*GIVEN DATA*:
********

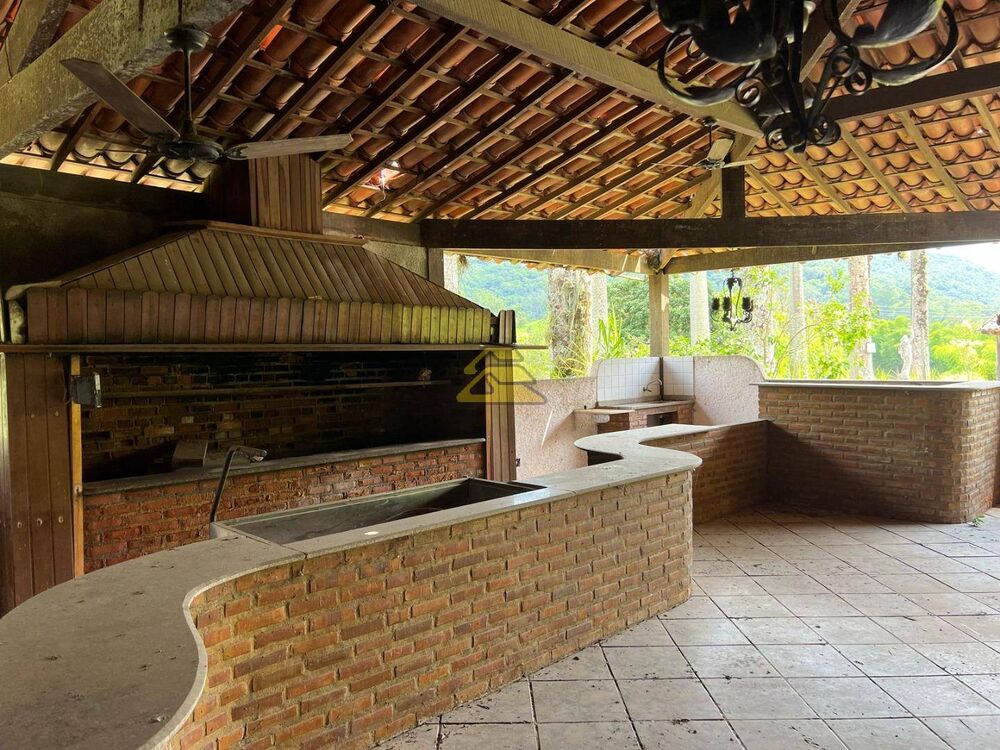 Sítio à venda com 4 quartos, 217000m² - Foto 2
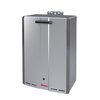 Rinnai Super High Efficiency Plus 9 GPM 160,000 BTU Natural Gas Exterior Tankless Water Heater RSC160eN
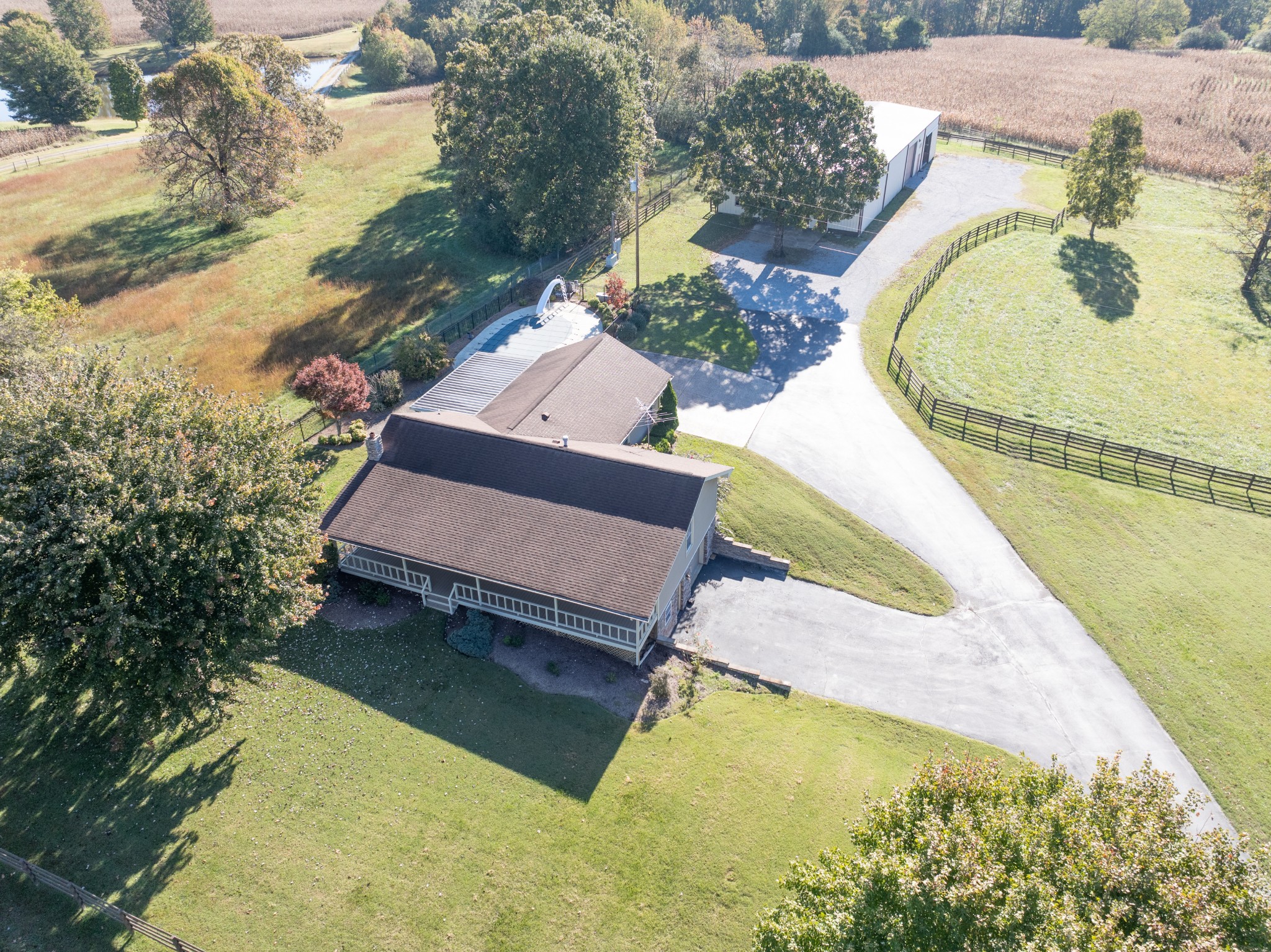 1098 Pond Switch Road Dickson, TN 37055 - Photo 61 of 61 Gallery Image 61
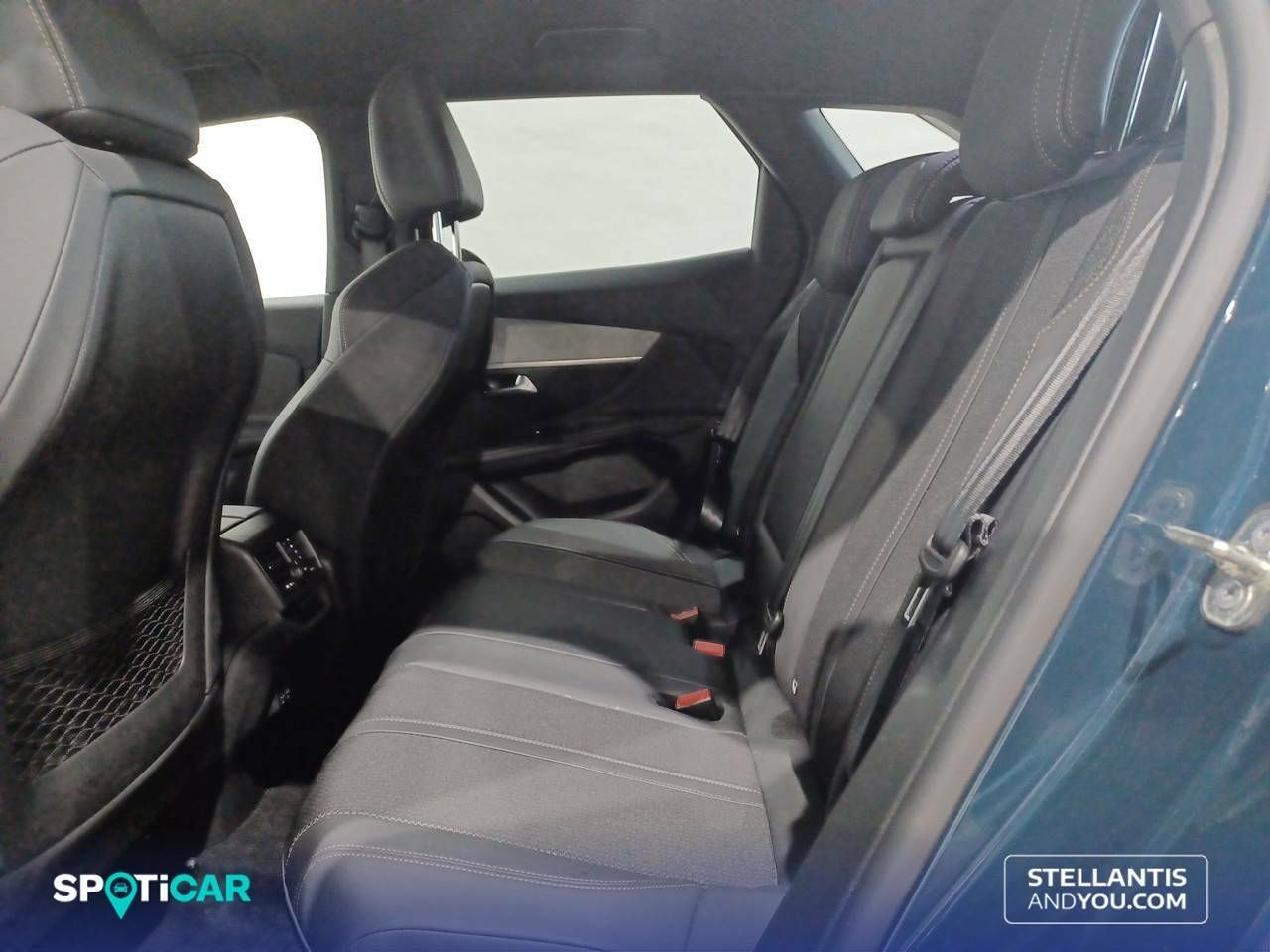 Foto Peugeot 3008 10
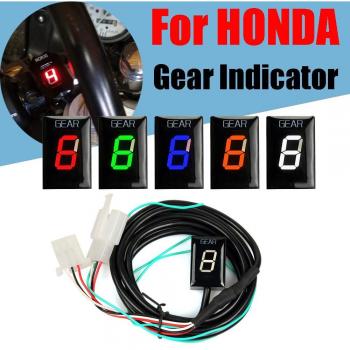 Motorcycle Gear Indicator for HONDA CB600F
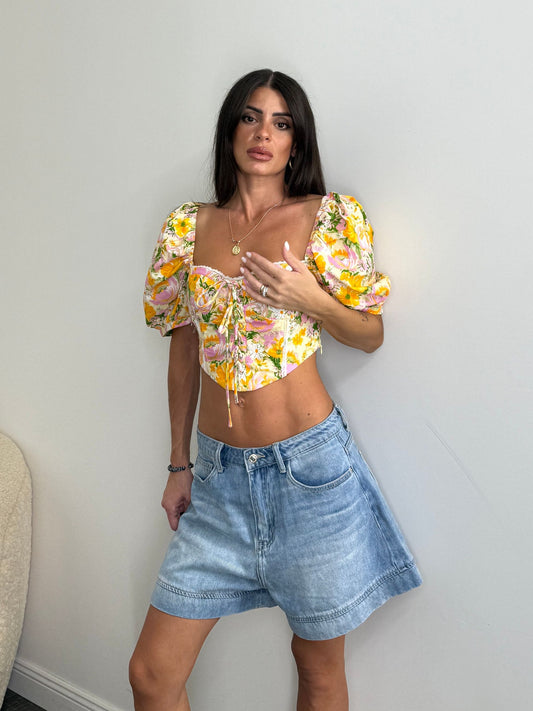 Shorts Fly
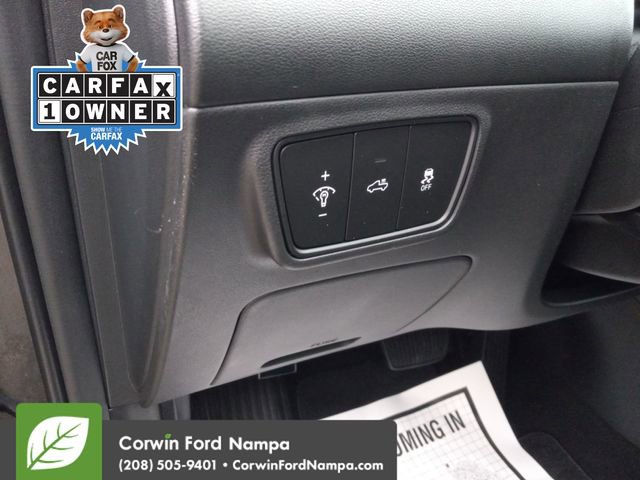 Used 2024 Hyundai Santa Cruz Night image 13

********

Output nothing but the entries above, exactly, once the pictures are removed.

*WRITTEN RESPONSE*:
 Sítio à venda com 4 quartos, 217000m² - Foto 2
 Rinnai Super High Efficiency Plus 9 GPM 160,000 BTU Natural Gas Exterior Tankless Water Heater RSC160eN
 1098 Pond Switch Road Dickson, TN 37055 - Photo 61 of 61 Gallery Image 61
 Foto Peugeot 3008 10
 Motorcycle Gear Indicator for HONDA CB600F
 Shorts Fly
 Used 2024 Hyundai Santa Cruz Night image 13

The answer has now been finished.